Reciprocating piston drive mechanism
A reciprocating piston drive mechanism, especially for a reciprocating piston vacuum pump, includes a cylinder (3) embodied in a housing (12). A piston (4) is moved back and forth in the cylinder by an electromagnetic drive that has an electromagnet (11) on the stator side and at least one permanent magnet (18, 19) on the piston side. In order to increase service life of said drive mechanism, permanent magnets (15, 16) are also provided on the stator side. The piston permanent magnet(s) (18, 19) and the stator permanent magnets (15, 16) are configured and disposed in such a way that the piston (4) is magnetically biased to a substantially central axial position in the idle state.
The present invention relates to a reciprocating piston drive mechanism, especially for a reciprocating piston vacuum pump, comprising a housing, a cylinder embodied in said housing, a piston moving back and forth in the cylinder and an electromagnetic drive for the piston that has an electromagnet on the stator side and at least one permanent magnet on the piston side.
A reciprocating piston drive mechanism having such characteristics is known from DE-A-41 02 710. In this reciprocating piston drive mechanism according to the state-of-the-art there are located in the cylinder two springs, of which one each extends between one of the face sides of the piston and the related face side of the cylinder. Through this, the piston adopts a substantially central axial position in the idle state. When continually stressing the helical springs, fatigue affecting the material of the springs is unavoidable. For this reason, the service life of reciprocating piston drive mechanisms according to the state-of-the-art is thus limited to the service life of the material employed for the springs.

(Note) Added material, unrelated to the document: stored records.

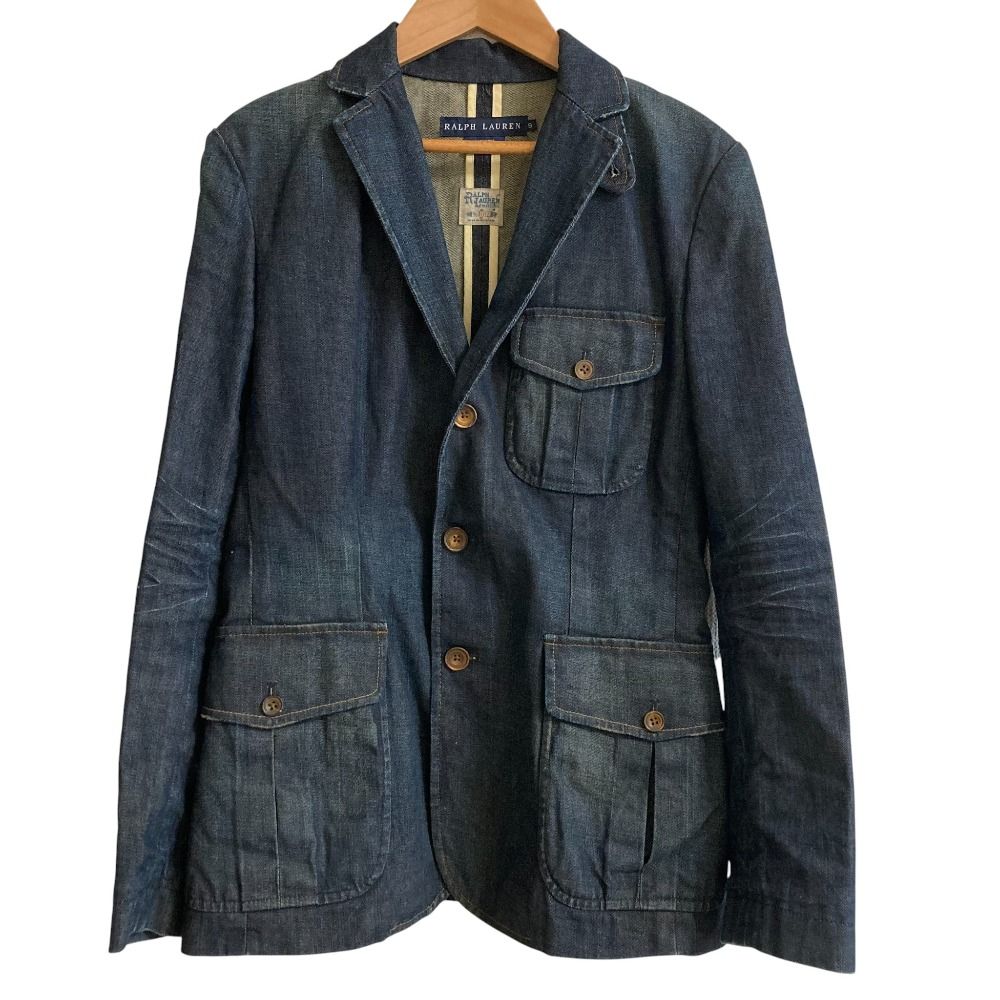 美品 RALPH LAUREN ラルフローレン デニムテーラードジャケット サイズ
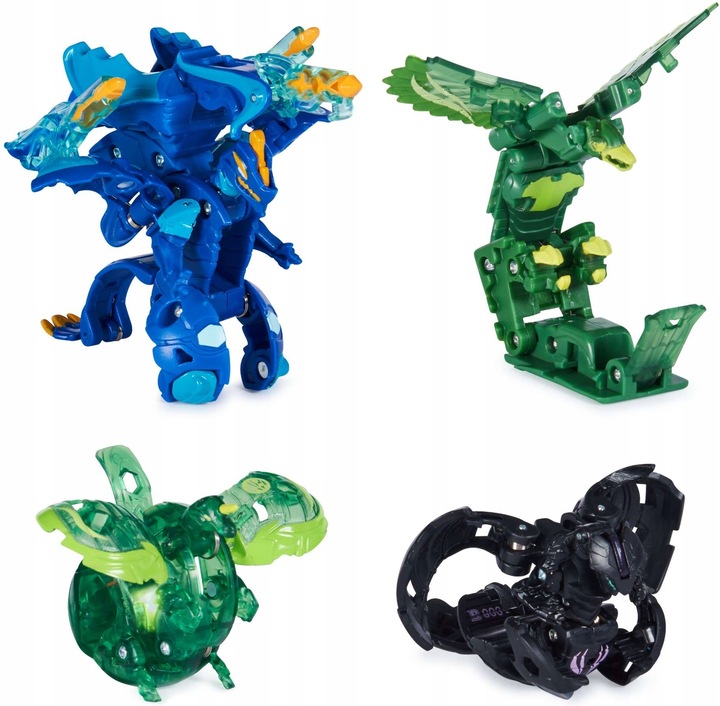 ZESTAW BAKUGAN LEGENDS BATTLE 5 FIGUREK KARTY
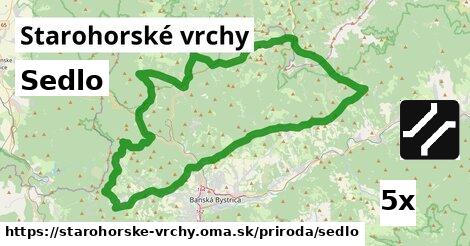 Sedlo, Starohorské vrchy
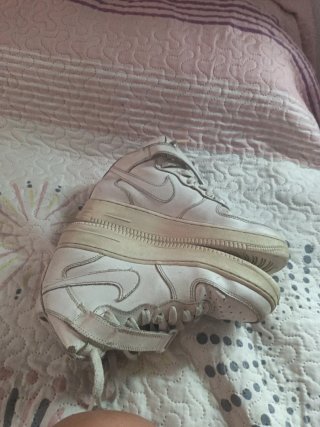 Zapatillas Nike Air Force 1 Beige/Blanco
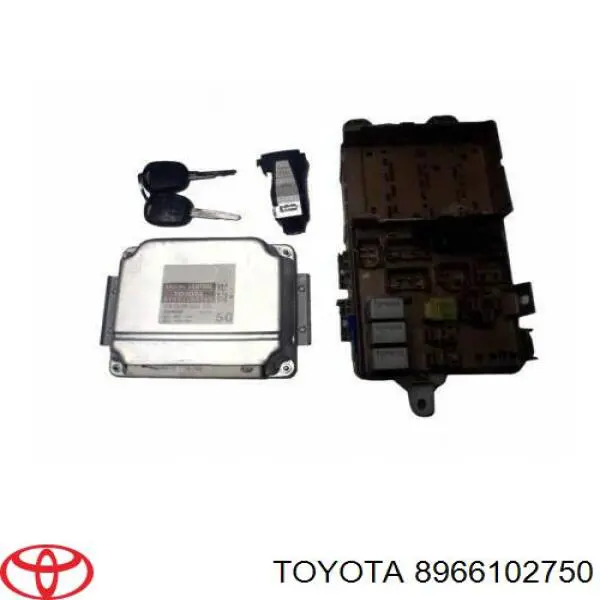 8966102750 Toyota Módulo de direção (Centralina eletrônica) de motor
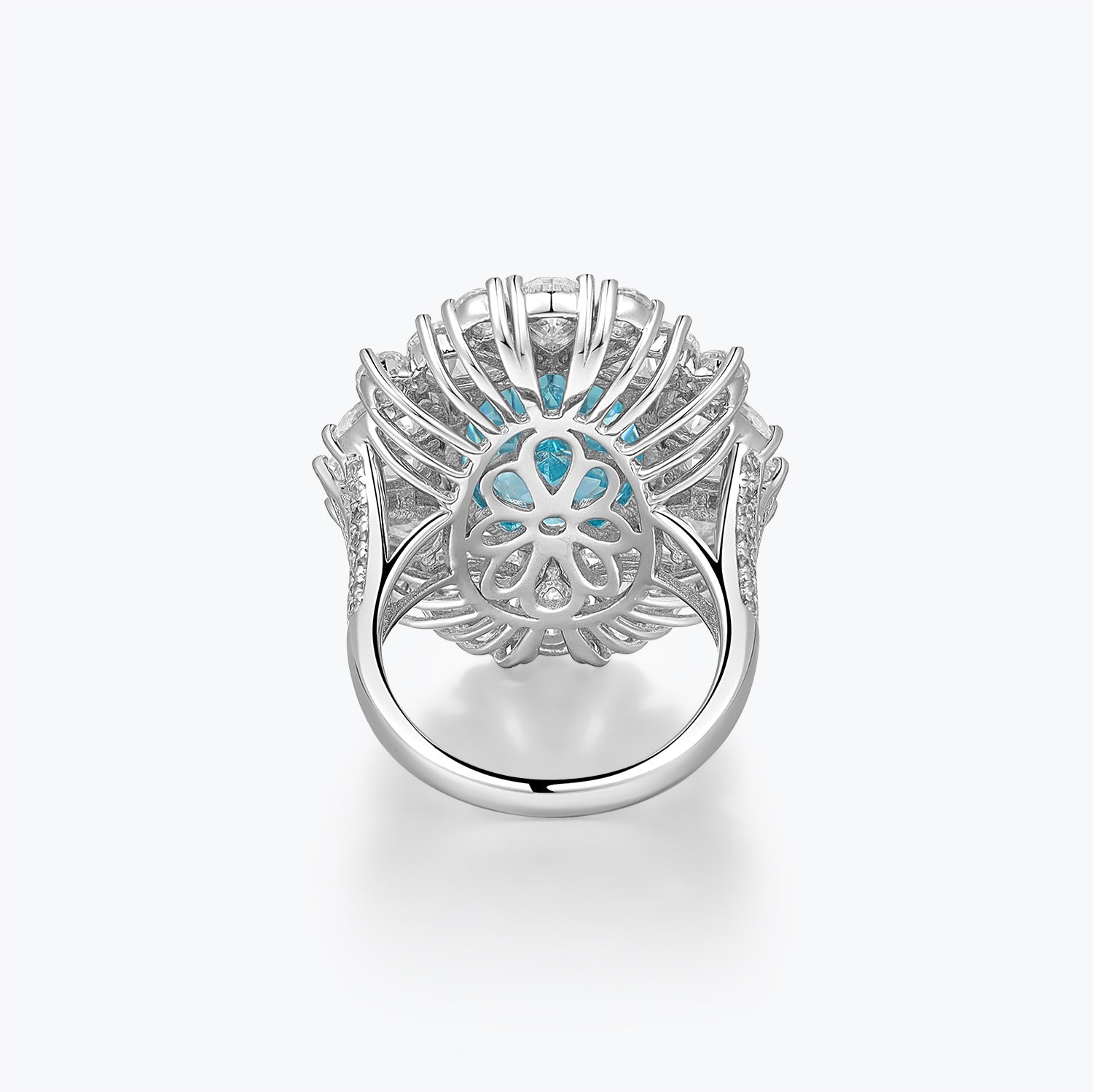Dissoo® Blue Paraiba Sterling Silver Ring - dissoojewelry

The reciprocating piston drive mechanism according to DE-A-41 02 710 is a component of a reciprocating piston pump, in which at least one of the two chambers created by piston and cylinder has the function of a compression chamber. Located in this chamber or these chambers are the helical springs. This gives rise to unwanted clearance volumes, this impairing the pumping effect.
It is the task of the present invention to improve a reciprocating piston drive mechanism of the aforementioned kind in such a manner that it no longer offers the disadvantage of spring materials being subjected to fatigue. Moreover, the design goal is such that the drive mechanism be particularly well suited for reciprocating piston vacuum pumps.
This task is solved by the present invention in that permanent magnets are provided on the stator side and where the stator magnet(s) is/are so configured and disposed that the piston adopts a substantially central axial position in the idle state. In the idle state, i.e. with the electromagnets de-energised, the superimposed magnetic fields being generated by the permanent magnets affixed to the piston and in the stator, generate forces affecting the piston holding it in a central axial position. Thus in the idle state a defined, for example, central piston position results which is solely effected by the effect of magnetic forces and does not require any additional facility of a mechanical kind, like springs.
It is expedient that the piston be equipped with two permanent magnets, of which one each is located in the area of the two face sides of the piston. Assigned to each of these permanent magnets on the side of the piston is one each permanent magnet on the stator side, specifically in the area of the face sides of the cylinder at an approximately equal radial position.
In a particularly simple solution, the piston is only equipped with a permanent magnet ring arranged approximately centrally in the axial direction. Located to the side of this ring, there is located one each permanent magnet on the stator side, the distances of which with respect to the magnet ring of the piston define the amplitude of the piston's stroke and the desired amount of piston delay as soon as it approaches one of the dead centers.
If the permanent magnets of the stator are magnetised in the axial direction with reversed polarity with respect to the corresponding permanent magnets of the piston, then their magnetic fields will generate repelling forces. These forces then have the effect that the velocity of the piston, as it approaches the face side of the cylinder, is reduced, and finally the movement of the piston in the reverse direction is initiated. If this arrangement is designed to be in all symmetrical, specifically with respect to its dimensions and also with respect to the strength of the magnetic fields, then the piston will, in the de-energised state of the electromagnet's coil, assume a central axial position.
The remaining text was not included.